By David French

NEW YORK (Reuters) – MetLife (NYSE:MET) and General Atlantic are forming a reinsurance venture, the companies’ executives told Reuters on Wednesday, the latest in a growing trend of insurers and alternative money managers teaming up to boost returns from low-risk insurance assets.

The venture, called Chariot Reinsurance, will have an initial equity contribution of more than $1 billion, with MetLife and General Atlantic each holding around 15% ownership.

Chariot Re, which is due to launch in the first half of 2025, will be headed by Cynthia Smith, most recently the head of MetLife’s group benefits regional business, and be initially seeded with $10 billion of existing MetLife policies.

Fellow insurer Chubb (NYSE:CB) will also be an anchor investor in the venture, with other institutional investors in the process of committing funds, General Atlantic Chief Operating Officer Graves Tompkins (NYSE:TMP) said.

“The high quality, long-duration liabilities that MetLife has been able to offer to Chariot Re aligns really well with our investment strategy of creating value over the long term without taking principal risk,” he said.

The move highlights the increasing convergence between the insurance and asset management industries.

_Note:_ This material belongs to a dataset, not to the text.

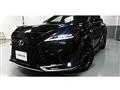2025 Lexus RX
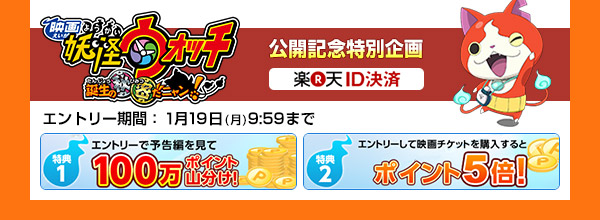 �u�f�� �d���E�H�b�` �a���̔閧���j�����I�v���J�L�O�\�����ς�100���|�C���g�R�������`�P�b�g�w���Ń|�C���g5�{�I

Insurers want to free up capital to invest in new products by moving existing policies off their balance sheets. At the same time, alternative money managers are seeking the kind of steady, low-cost cash which insurance policies provide to invest into their strategies for higher returns.

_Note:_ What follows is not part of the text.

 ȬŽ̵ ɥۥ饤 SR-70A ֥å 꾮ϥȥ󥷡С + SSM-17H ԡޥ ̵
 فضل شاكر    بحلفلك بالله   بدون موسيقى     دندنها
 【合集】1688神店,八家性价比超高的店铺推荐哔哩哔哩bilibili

Both MetLife – through its investment management arm – and General Atlantic will manage the assets within Chariot Re, a Bermuda-based life and annuity reinsurance company.

Future assets could also come from MetLife, while there are also significant opportunities to acquire assets from other sources, in particular the pension risk transfer market, said MetLife’s Chief Financial Officer John McCallion, as large corporations increasingly look to outsource the management of their retirement plans to cut costs.

With such opportunities ahead, McCallion said that MetLife understood it could not finance all the potential growth on its own, so getting outside capital was the most logical solution to bridging the gap.

“This is coming from the growth opportunity that we see with our business. It’s just that we’re not going to use our balance sheet for all of it,” he said.